▶ _TASK REQUIREMENTS_
Nothing but the lines from the one containing "Jackal gnaws on the femur of a springbok" through the last line of the records below should be copied, exactly and without pictures.

▶ _SUPPLIED RECORDS_
----

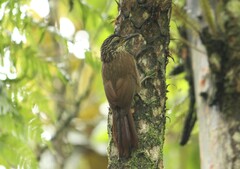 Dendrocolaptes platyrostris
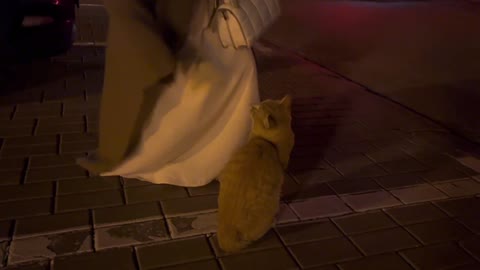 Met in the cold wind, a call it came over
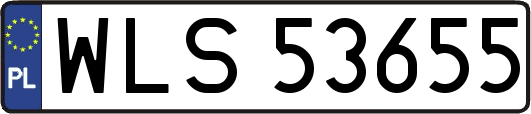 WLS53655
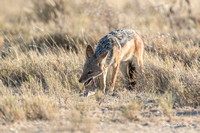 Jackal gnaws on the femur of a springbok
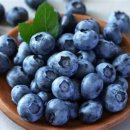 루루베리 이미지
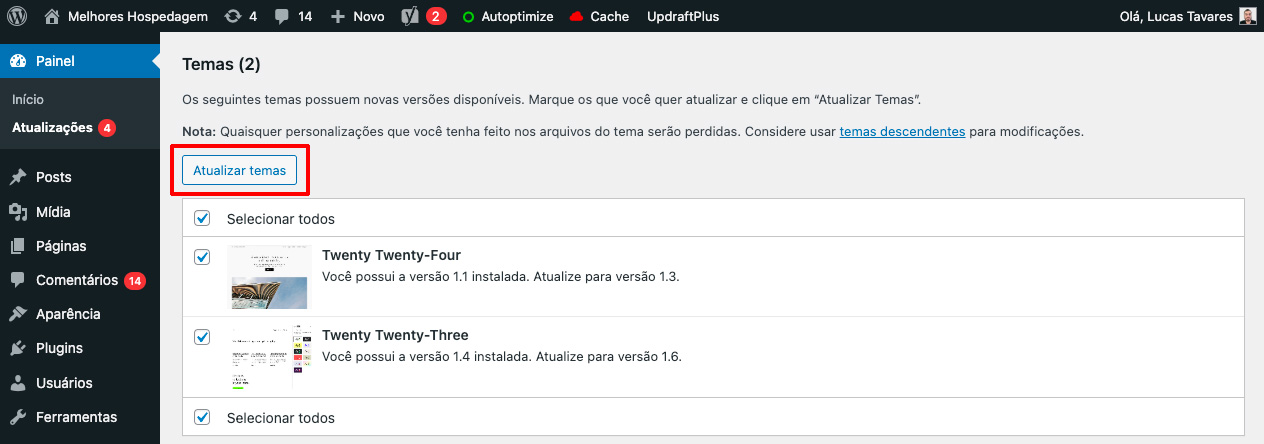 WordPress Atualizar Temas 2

----

▶ _RESPONSE TO THIS TASK_
 Jackal gnaws on the femur of a springbok
 루루베리 이미지
 WordPress Atualizar Temas 2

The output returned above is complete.